AR15.Com Archives
 Cold weather & ammo storage?
MontuckyMan  [Member]
1/28/2007 7:09:50 PM EDT
I recently moved from an area were the weather is not extreme, but now I am in Montana where it gets pretty cold. My question is does the cold weather effect my ammo stored in ammo cans on a pallet in the garage in a negative way? I'd hate to ruin thousands of dollars worth of ammo. Thanks in advance

Oh yeah by the way I am building a POF so when I get it I'll post some pics
Paid Advertisement
deadboi77  [Team Member]
1/28/2007 7:59:52 PM EDT
Good question.As I would like to know as well.Since more than likely,`ill have to be moving some of my ammo stash to the garage and/or polebar.More than likely,the polebarn as my garage tends to get pretty damp.
Charging_Handle  [Member]
1/28/2007 8:22:32 PM EDT
I worry much more about extreme heat (i.e. the temps reached in car trunks on 90 degree days, garages or other storage buildings with no air conditioning, etc) than cold.

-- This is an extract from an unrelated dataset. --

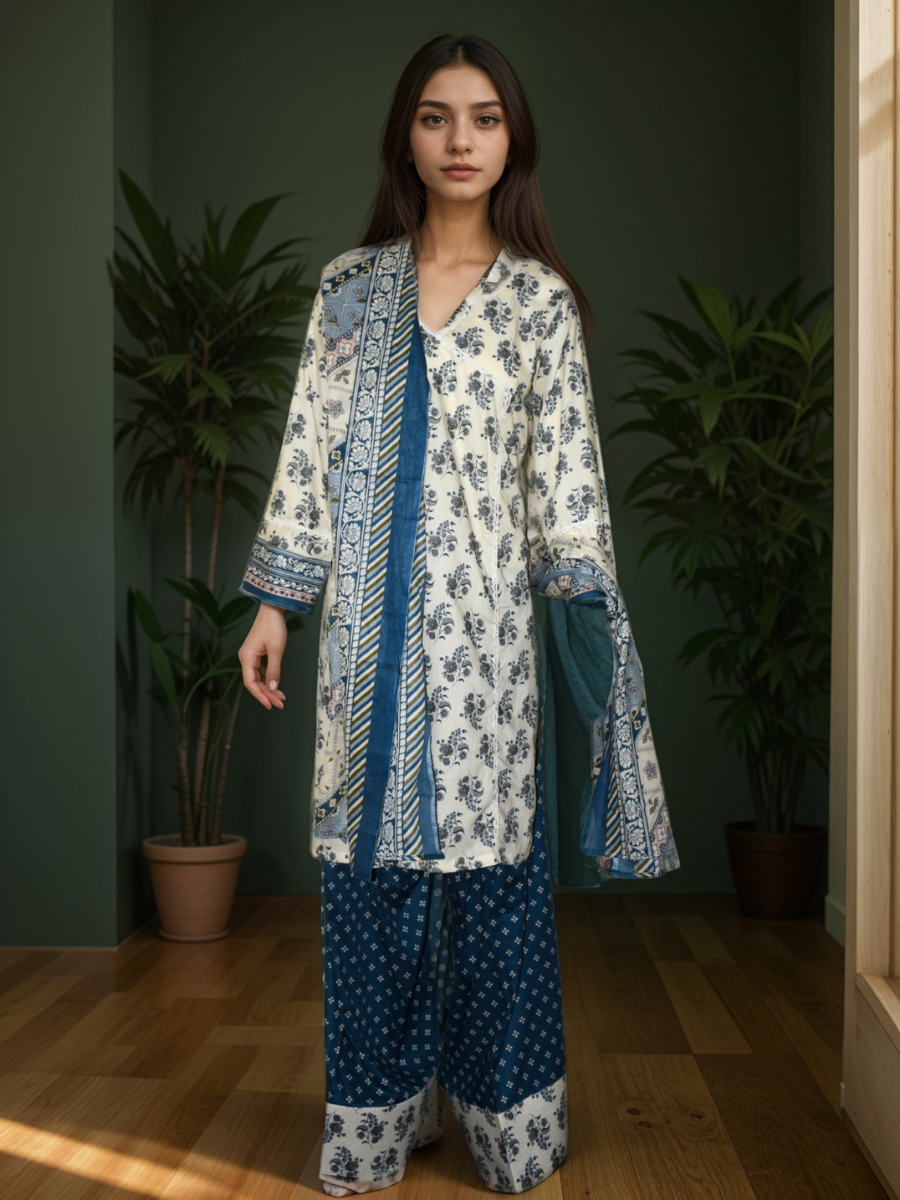 3 Pc SAYA Farshi Shalwar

OTOH, I have never really had to deal with extreme cold either as far as my ammo storage, certainly not sub-freezing temps. I keep most of my ammo in .50 caliber ammo cans spread out across and stacked on the floor of my closets. If you don't stack it too high, the closet will still function fine for hanging clothing and you end up using the floor space for ammo storage, whereas otherwise you'd just end up stacking a bunch of worthless junk there.
MontuckyMan  [Member]
1/28/2007 8:35:12 PM EDT
I'd love to keep the ammo in the closet, but no room. Between my stuff and my woman's leaves me no room for closet storage. I used to keep it all in the closet for years and I have never had a problem. Now it is in temps down to -30 and lower sometimes. Any other replies from people living in cold weather climates would be great. I figure at least it's off the cement floor on the pallets. Thanks
MontuckyMan  [Team Member]
1/29/2007 7:53:26 PM EDT
Partner Content
chrome1  [Team Member]
1/29/2007 8:28:04 PM EDT
I don't know about long term , but I've had ammo in the trunk
of my car for over a month in temps that ranged from +20 to -20
without any ill effects .
Ryan1021  [Member]
1/29/2007 9:53:19 PM EDT
The ammo I stored in the garage in ammo cans during last winter fired without a problem in the spring, summer, and fall. Now I am sure Southwestern Ohio probably does not get as cold, but we do get fairly cold weather here.
WMHM4  [Team Member]
1/30/2007 4:23:16 AM EDT
as satated above I don't see cold weather being a problem but I would be more concerned with moisture from hot weather.
pyro6988  [Team Member]
1/30/2007 4:53:29 AM EDT
it will be fine as long as it stays dry.
Verk  [Team Member]
1/30/2007 4:59:37 AM EDT
I believe the key to extended ammo storage is a somewhat constant temperature and low humidity. I have shot ammo that has been stored in a constant environment that was over 25 years old with not a single misfire.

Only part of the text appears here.